# [WHAT TO DO]
In the listing below, every entry should be duplicated exactly.

# [DATA]

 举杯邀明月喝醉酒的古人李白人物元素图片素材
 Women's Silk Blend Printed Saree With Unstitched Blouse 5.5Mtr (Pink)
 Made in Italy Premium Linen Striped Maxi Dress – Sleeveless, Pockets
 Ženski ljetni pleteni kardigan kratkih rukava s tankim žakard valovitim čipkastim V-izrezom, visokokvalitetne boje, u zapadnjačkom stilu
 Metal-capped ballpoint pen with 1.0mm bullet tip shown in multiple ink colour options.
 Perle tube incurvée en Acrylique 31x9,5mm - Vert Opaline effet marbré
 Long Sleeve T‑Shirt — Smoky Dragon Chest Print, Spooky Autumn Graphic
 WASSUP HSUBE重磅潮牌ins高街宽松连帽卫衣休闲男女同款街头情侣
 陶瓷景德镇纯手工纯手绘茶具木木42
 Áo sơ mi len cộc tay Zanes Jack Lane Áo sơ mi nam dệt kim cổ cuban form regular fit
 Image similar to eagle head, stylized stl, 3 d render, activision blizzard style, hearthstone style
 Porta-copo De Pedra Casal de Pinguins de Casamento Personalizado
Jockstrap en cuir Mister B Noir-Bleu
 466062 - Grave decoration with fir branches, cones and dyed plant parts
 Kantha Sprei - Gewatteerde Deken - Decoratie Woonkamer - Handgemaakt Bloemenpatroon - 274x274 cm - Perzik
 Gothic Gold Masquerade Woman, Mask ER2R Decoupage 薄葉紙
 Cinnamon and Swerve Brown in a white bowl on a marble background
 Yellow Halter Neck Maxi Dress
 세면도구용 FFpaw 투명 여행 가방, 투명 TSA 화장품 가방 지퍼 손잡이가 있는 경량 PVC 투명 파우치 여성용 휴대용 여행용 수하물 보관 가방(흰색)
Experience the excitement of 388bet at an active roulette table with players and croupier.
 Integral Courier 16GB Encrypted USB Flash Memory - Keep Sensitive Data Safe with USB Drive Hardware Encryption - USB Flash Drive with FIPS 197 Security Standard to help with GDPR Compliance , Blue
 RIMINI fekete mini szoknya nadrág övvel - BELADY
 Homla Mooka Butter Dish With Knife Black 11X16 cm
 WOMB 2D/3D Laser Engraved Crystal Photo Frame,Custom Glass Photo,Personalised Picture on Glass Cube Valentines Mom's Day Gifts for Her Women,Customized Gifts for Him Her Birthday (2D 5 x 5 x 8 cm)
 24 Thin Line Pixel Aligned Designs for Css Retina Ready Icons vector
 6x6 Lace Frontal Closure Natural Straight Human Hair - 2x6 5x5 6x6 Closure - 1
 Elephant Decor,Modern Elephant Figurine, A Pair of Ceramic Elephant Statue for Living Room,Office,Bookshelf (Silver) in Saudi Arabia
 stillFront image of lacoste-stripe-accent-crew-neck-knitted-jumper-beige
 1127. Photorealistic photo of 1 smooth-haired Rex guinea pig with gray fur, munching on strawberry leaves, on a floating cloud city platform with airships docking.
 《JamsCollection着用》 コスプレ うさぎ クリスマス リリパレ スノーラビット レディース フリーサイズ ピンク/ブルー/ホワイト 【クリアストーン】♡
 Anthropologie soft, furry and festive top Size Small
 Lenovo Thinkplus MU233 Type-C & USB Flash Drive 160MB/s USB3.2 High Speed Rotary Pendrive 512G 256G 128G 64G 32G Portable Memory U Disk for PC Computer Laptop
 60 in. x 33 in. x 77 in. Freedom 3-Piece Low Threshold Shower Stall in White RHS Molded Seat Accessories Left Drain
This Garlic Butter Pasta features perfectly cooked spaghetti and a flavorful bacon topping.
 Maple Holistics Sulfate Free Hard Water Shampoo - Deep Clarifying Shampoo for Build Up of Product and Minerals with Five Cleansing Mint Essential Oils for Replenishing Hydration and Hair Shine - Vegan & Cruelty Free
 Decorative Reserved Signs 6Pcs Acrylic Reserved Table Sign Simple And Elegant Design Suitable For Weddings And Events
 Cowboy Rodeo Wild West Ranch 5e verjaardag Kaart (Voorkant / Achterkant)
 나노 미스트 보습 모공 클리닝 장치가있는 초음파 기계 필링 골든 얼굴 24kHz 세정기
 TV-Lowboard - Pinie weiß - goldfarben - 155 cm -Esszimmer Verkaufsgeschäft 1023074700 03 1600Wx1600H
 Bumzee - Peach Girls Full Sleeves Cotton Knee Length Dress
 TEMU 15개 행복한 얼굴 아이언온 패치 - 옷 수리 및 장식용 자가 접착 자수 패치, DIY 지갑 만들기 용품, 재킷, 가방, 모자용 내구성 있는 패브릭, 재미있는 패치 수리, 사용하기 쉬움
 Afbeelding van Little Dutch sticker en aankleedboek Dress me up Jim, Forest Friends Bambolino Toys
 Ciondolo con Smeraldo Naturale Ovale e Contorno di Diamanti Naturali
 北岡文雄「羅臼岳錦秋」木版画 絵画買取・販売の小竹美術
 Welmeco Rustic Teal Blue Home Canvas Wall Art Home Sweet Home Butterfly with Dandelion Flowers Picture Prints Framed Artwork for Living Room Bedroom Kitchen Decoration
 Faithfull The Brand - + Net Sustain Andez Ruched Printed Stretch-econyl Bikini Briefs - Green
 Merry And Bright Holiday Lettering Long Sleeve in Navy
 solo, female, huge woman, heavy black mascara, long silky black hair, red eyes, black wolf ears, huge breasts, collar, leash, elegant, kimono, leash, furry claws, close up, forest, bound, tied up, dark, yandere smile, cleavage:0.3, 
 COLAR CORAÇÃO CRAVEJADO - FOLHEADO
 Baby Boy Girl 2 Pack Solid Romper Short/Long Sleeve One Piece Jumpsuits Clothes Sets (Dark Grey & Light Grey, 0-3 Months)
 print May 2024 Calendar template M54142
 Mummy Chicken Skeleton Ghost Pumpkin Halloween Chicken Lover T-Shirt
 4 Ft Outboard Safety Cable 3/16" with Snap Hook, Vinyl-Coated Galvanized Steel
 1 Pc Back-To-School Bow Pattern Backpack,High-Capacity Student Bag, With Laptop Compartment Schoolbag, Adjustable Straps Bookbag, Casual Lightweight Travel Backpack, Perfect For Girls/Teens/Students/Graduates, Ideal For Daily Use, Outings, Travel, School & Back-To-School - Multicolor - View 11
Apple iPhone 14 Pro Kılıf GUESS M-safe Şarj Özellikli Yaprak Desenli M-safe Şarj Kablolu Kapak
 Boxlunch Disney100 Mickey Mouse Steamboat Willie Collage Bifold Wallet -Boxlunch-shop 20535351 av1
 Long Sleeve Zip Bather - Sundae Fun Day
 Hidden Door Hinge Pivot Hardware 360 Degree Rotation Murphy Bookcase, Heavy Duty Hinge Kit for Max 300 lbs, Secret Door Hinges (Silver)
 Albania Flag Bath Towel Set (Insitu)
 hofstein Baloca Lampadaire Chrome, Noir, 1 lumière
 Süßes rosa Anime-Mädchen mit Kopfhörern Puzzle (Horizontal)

# [EXPECTED OUTPUT]
 举杯邀明月喝醉酒的古人李白人物元素图片素材
 Women's Silk Blend Printed Saree With Unstitched Blouse 5.5Mtr (Pink)
 Made in Italy Premium Linen Striped Maxi Dress – Sleeveless, Pockets
 Ženski ljetni pleteni kardigan kratkih rukava s tankim žakard valovitim čipkastim V-izrezom, visokokvalitetne boje, u zapadnjačkom stilu
 Metal-capped ballpoint pen with 1.0mm bullet tip shown in multiple ink colour options.
 Perle tube incurvée en Acrylique 31x9,5mm - Vert Opaline effet marbré
 Long Sleeve T‑Shirt — Smoky Dragon Chest Print, Spooky Autumn Graphic
 WASSUP HSUBE重磅潮牌ins高街宽松连帽卫衣休闲男女同款街头情侣
 陶瓷景德镇纯手工纯手绘茶具木木42
 Áo sơ mi len cộc tay Zanes Jack Lane Áo sơ mi nam dệt kim cổ cuban form regular fit
 Image similar to eagle head, stylized stl, 3 d render, activision blizzard style, hearthstone style
 Porta-copo De Pedra Casal de Pinguins de Casamento Personalizado
Jockstrap en cuir Mister B Noir-Bleu
 466062 - Grave decoration with fir branches, cones and dyed plant parts
 Kantha Sprei - Gewatteerde Deken - Decoratie Woonkamer - Handgemaakt Bloemenpatroon - 274x274 cm - Perzik
 Gothic Gold Masquerade Woman, Mask ER2R Decoupage 薄葉紙
 Cinnamon and Swerve Brown in a white bowl on a marble background
 Yellow Halter Neck Maxi Dress
 세면도구용 FFpaw 투명 여행 가방, 투명 TSA 화장품 가방 지퍼 손잡이가 있는 경량 PVC 투명 파우치 여성용 휴대용 여행용 수하물 보관 가방(흰색)
Experience the excitement of 388bet at an active roulette table with players and croupier.
 Integral Courier 16GB Encrypted USB Flash Memory - Keep Sensitive Data Safe with USB Drive Hardware Encryption - USB Flash Drive with FIPS 197 Security Standard to help with GDPR Compliance , Blue
 RIMINI fekete mini szoknya nadrág övvel - BELADY
 Homla Mooka Butter Dish With Knife Black 11X16 cm
 WOMB 2D/3D Laser Engraved Crystal Photo Frame,Custom Glass Photo,Personalised Picture on Glass Cube Valentines Mom's Day Gifts for Her Women,Customized Gifts for Him Her Birthday (2D 5 x 5 x 8 cm)
 24 Thin Line Pixel Aligned Designs for Css Retina Ready Icons vector
 6x6 Lace Frontal Closure Natural Straight Human Hair - 2x6 5x5 6x6 Closure - 1
 Elephant Decor,Modern Elephant Figurine, A Pair of Ceramic Elephant Statue for Living Room,Office,Bookshelf (Silver) in Saudi Arabia
 stillFront image of lacoste-stripe-accent-crew-neck-knitted-jumper-beige
 1127. Photorealistic photo of 1 smooth-haired Rex guinea pig with gray fur, munching on strawberry leaves, on a floating cloud city platform with airships docking.
 《JamsCollection着用》 コスプレ うさぎ クリスマス リリパレ スノーラビット レディース フリーサイズ ピンク/ブルー/ホワイト 【クリアストーン】♡
 Anthropologie soft, furry and festive top Size Small
 Lenovo Thinkplus MU233 Type-C & USB Flash Drive 160MB/s USB3.2 High Speed Rotary Pendrive 512G 256G 128G 64G 32G Portable Memory U Disk for PC Computer Laptop
 60 in. x 33 in. x 77 in. Freedom 3-Piece Low Threshold Shower Stall in White RHS Molded Seat Accessories Left Drain
This Garlic Butter Pasta features perfectly cooked spaghetti and a flavorful bacon topping.
 Maple Holistics Sulfate Free Hard Water Shampoo - Deep Clarifying Shampoo for Build Up of Product and Minerals with Five Cleansing Mint Essential Oils for Replenishing Hydration and Hair Shine - Vegan & Cruelty Free
 Decorative Reserved Signs 6Pcs Acrylic Reserved Table Sign Simple And Elegant Design Suitable For Weddings And Events
 Cowboy Rodeo Wild West Ranch 5e verjaardag Kaart (Voorkant / Achterkant)
 나노 미스트 보습 모공 클리닝 장치가있는 초음파 기계 필링 골든 얼굴 24kHz 세정기
 TV-Lowboard - Pinie weiß - goldfarben - 155 cm -Esszimmer Verkaufsgeschäft 1023074700 03 1600Wx1600H
 Bumzee - Peach Girls Full Sleeves Cotton Knee Length Dress
 TEMU 15개 행복한 얼굴 아이언온 패치 - 옷 수리 및 장식용 자가 접착 자수 패치, DIY 지갑 만들기 용품, 재킷, 가방, 모자용 내구성 있는 패브릭, 재미있는 패치 수리, 사용하기 쉬움
 Afbeelding van Little Dutch sticker en aankleedboek Dress me up Jim, Forest Friends Bambolino Toys
 Ciondolo con Smeraldo Naturale Ovale e Contorno di Diamanti Naturali
 北岡文雄「羅臼岳錦秋」木版画 絵画買取・販売の小竹美術
 Welmeco Rustic Teal Blue Home Canvas Wall Art Home Sweet Home Butterfly with Dandelion Flowers Picture Prints Framed Artwork for Living Room Bedroom Kitchen Decoration
 Faithfull The Brand - + Net Sustain Andez Ruched Printed Stretch-econyl Bikini Briefs - Green
 Merry And Bright Holiday Lettering Long Sleeve in Navy
 solo, female, huge woman, heavy black mascara, long silky black hair, red eyes, black wolf ears, huge breasts, collar, leash, elegant, kimono, leash, furry claws, close up, forest, bound, tied up, dark, yandere smile, cleavage:0.3, 
 COLAR CORAÇÃO CRAVEJADO - FOLHEADO
 Baby Boy Girl 2 Pack Solid Romper Short/Long Sleeve One Piece Jumpsuits Clothes Sets (Dark Grey & Light Grey, 0-3 Months)
 print May 2024 Calendar template M54142
 Mummy Chicken Skeleton Ghost Pumpkin Halloween Chicken Lover T-Shirt
 4 Ft Outboard Safety Cable 3/16" with Snap Hook, Vinyl-Coated Galvanized Steel
 1 Pc Back-To-School Bow Pattern Backpack,High-Capacity Student Bag, With Laptop Compartment Schoolbag, Adjustable Straps Bookbag, Casual Lightweight Travel Backpack, Perfect For Girls/Teens/Students/Graduates, Ideal For Daily Use, Outings, Travel, School & Back-To-School - Multicolor - View 11
Apple iPhone 14 Pro Kılıf GUESS M-safe Şarj Özellikli Yaprak Desenli M-safe Şarj Kablolu Kapak
 Boxlunch Disney100 Mickey Mouse Steamboat Willie Collage Bifold Wallet -Boxlunch-shop 20535351 av1
 Long Sleeve Zip Bather - Sundae Fun Day
 Hidden Door Hinge Pivot Hardware 360 Degree Rotation Murphy Bookcase, Heavy Duty Hinge Kit for Max 300 lbs, Secret Door Hinges (Silver)
 Albania Flag Bath Towel Set (Insitu)
 hofstein Baloca Lampadaire Chrome, Noir, 1 lumière
 Süßes rosa Anime-Mädchen mit Kopfhörern Puzzle (Horizontal)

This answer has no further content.